What Is Capacitance?

Capacitance is a measure of a component's ability to store electric charge. It is defined as the ratio of the electric charge (Q) stored on a conductor to the potential difference (V) across it. The SI unit of capacitance is the farad (F), where one farad equals one coulomb per volt. Because a farad is a very large unit, practical capacitors are usually rated in microfarads (µF), nanofarads (nF), or picofarads (pF).

Diagram of a parallel-plate capacitor with two plates, opposite charges, and an electric field between them
A capacitor stores charge Q across a voltage V between two conductive plates.

How to Use This Calculator

Enter the charge stored on the capacitor in coulombs and the voltage across it in volts. The calculator divides the charge by the voltage to return the capacitance in farads, and also converts the answer to microfarads for convenience. Make sure your inputs use consistent base units (coulombs and volts) for an accurate result.

The Formula Explained

The governing equation is \(C = Q / V\), where C is capacitance in farads, Q is charge in coulombs, and V is voltage in volts. Rearranging the equation lets you solve for any single variable: charge is \(Q = C \times V\), and voltage is \(V = Q / C\). This relationship is fundamental to circuit analysis, energy storage, and timing applications.

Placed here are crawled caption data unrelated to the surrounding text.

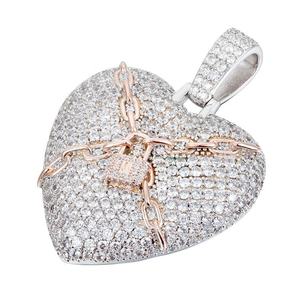 Pendentif Cœur Hip-Hop en Or Rose avec Chaîne, Sertissage Griffe, Diamant Moissanite, Personnalisé, en Argent 925, Breloque de Luxe pour Cadeau ou Usage Quotidien - Product Image 5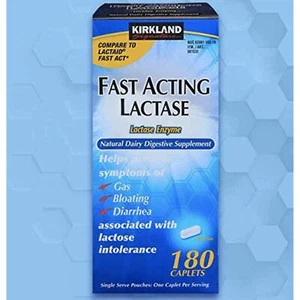 Kirkland Signature Fast Acting Lactase, 180 Caplets - Picture 1 of 3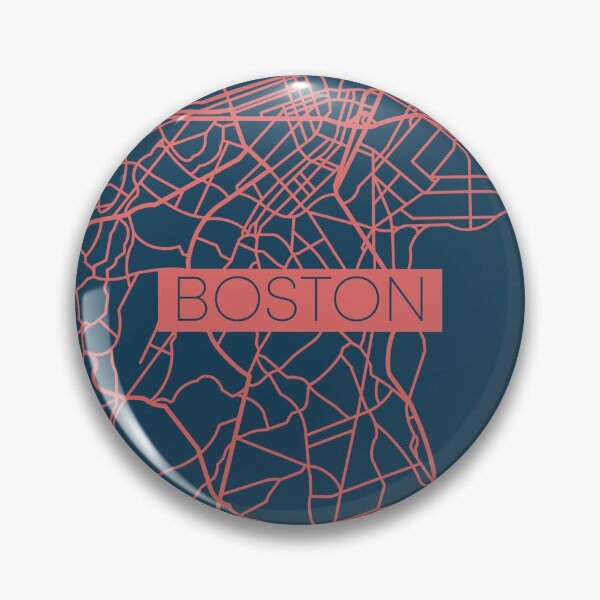 Artikelvorschau, Boston Street Map Pink und Blau entworfen und verkauft von HelloGentry.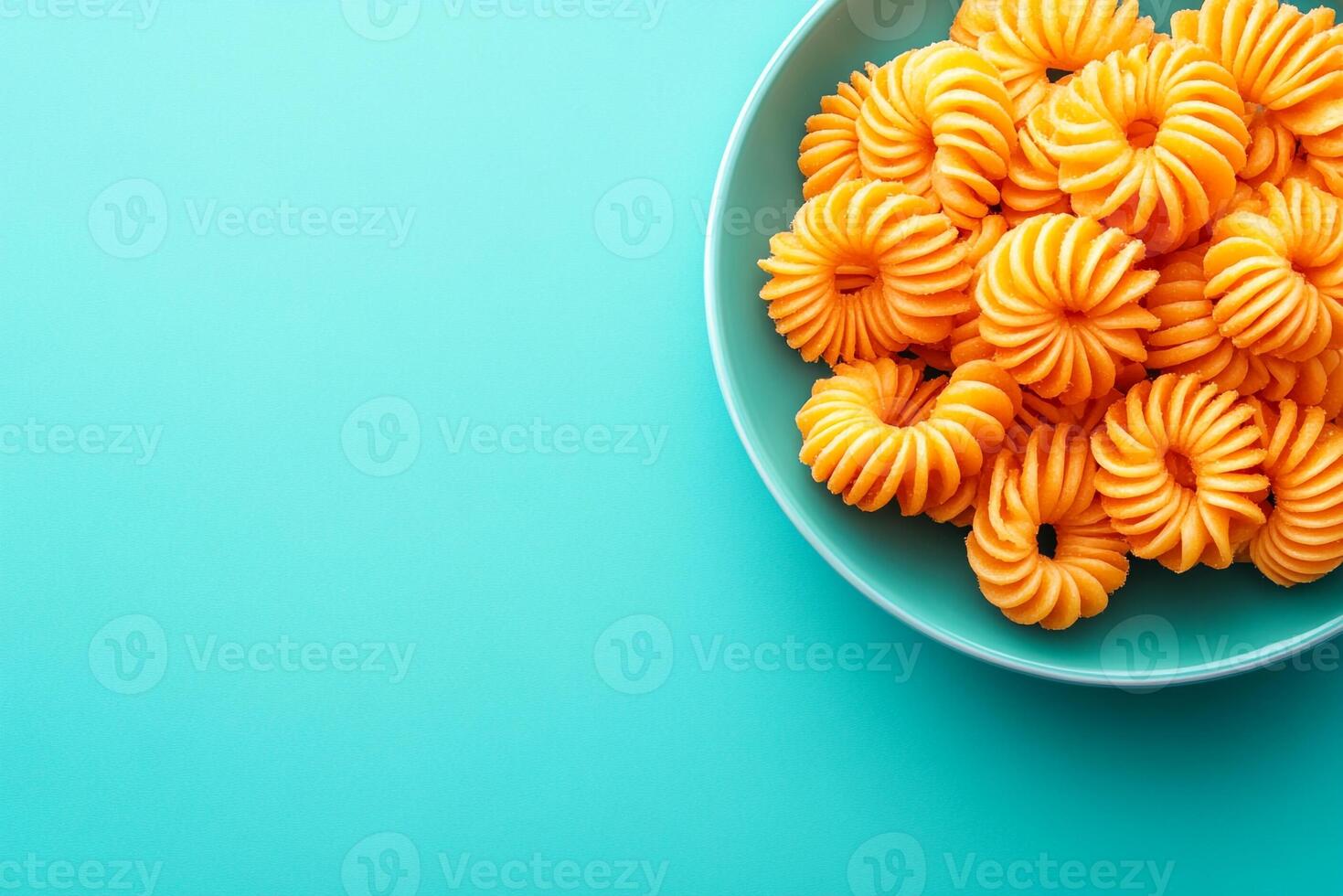 Top View Of Curly Fries With Seasoning On Vibrant Background With Copy Space, Food Setting photo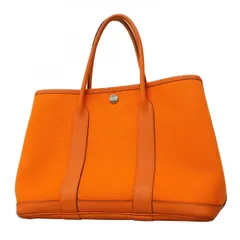【6ed4272】エルメス トートバッグ ガーデンパーティTPM トワルオフィシエ オレンジ シルバー金具 □N刻印【中古】レディースのサムネイル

$$C = \frac{\text{Charge (C)}}{\text{Voltage (V)}}$$
Triangle diagram showing the relationship between charge Q, capacitance C, and voltage V
The C = Q / V triangle: cover a variable to find its formula.

Worked Example

Suppose a capacitor stores 0.001 coulombs of charge at 5 volts. Then $$C = 0.001 / 5 = 0.0002 \text{ farads},$$ which equals 200 microfarads. A capacitor holding more charge at the same voltage would have a proportionally higher capacitance.

FAQ

What unit should I use for charge? Use coulombs (C). One coulomb is a large amount of charge; small capacitors often store microcoulombs, so convert accordingly.

Why is my answer so small? One farad is enormous. Even a 200 µF capacitor is only 0.0002 F, so small decimal results in farads are normal.

Can I find voltage or charge instead? Yes. Rearrange \(C = Q / V\) to get \(Q = C \times V\) or \(V = Q / C\) depending on which variable you know.